Brief -> Please repeat exactly the lines from the one containing "Trump Makes Unproven" to the end of the entries below, both included, and omit all pictures.

Data to use ->
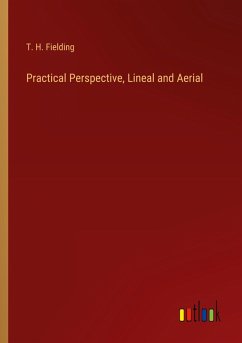 Practical Perspective, Lineal and Aerial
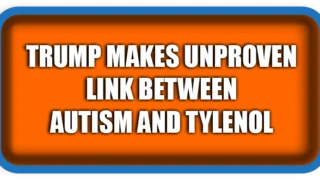Trump Makes Unproven Link Between Autism and Tylenol
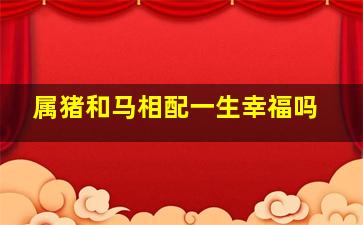 属猪和马相配一生幸福吗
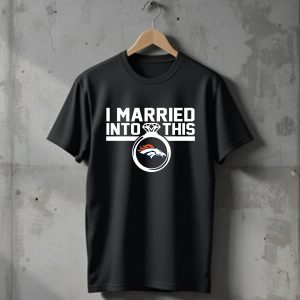 Denver Broncos I Married Into This T-Shirt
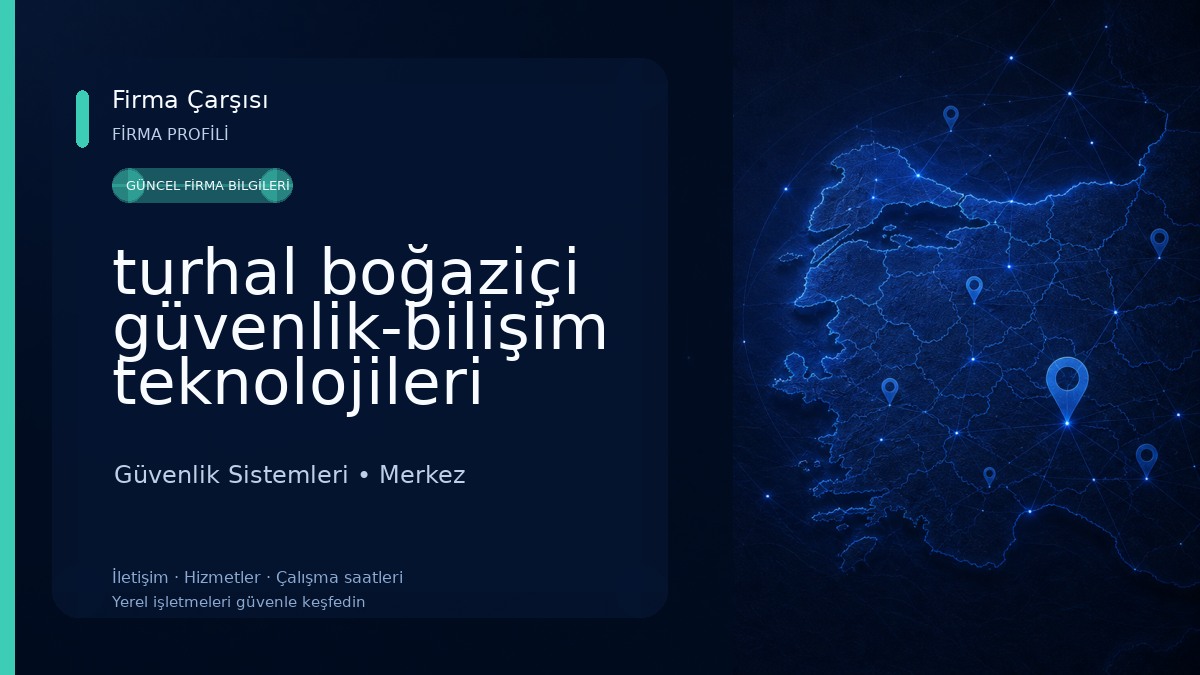 turhal boğaziçi güvenlik-bilişim teknolojileri Güvenlik Sistemleri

Answer to this exercise ->
Trump Makes Unproven Link Between Autism and Tylenol
 属猪和马相配一生幸福吗
 Denver Broncos I Married Into This T-Shirt
 turhal boğaziçi güvenlik-bilişim teknolojileri Güvenlik Sistemleri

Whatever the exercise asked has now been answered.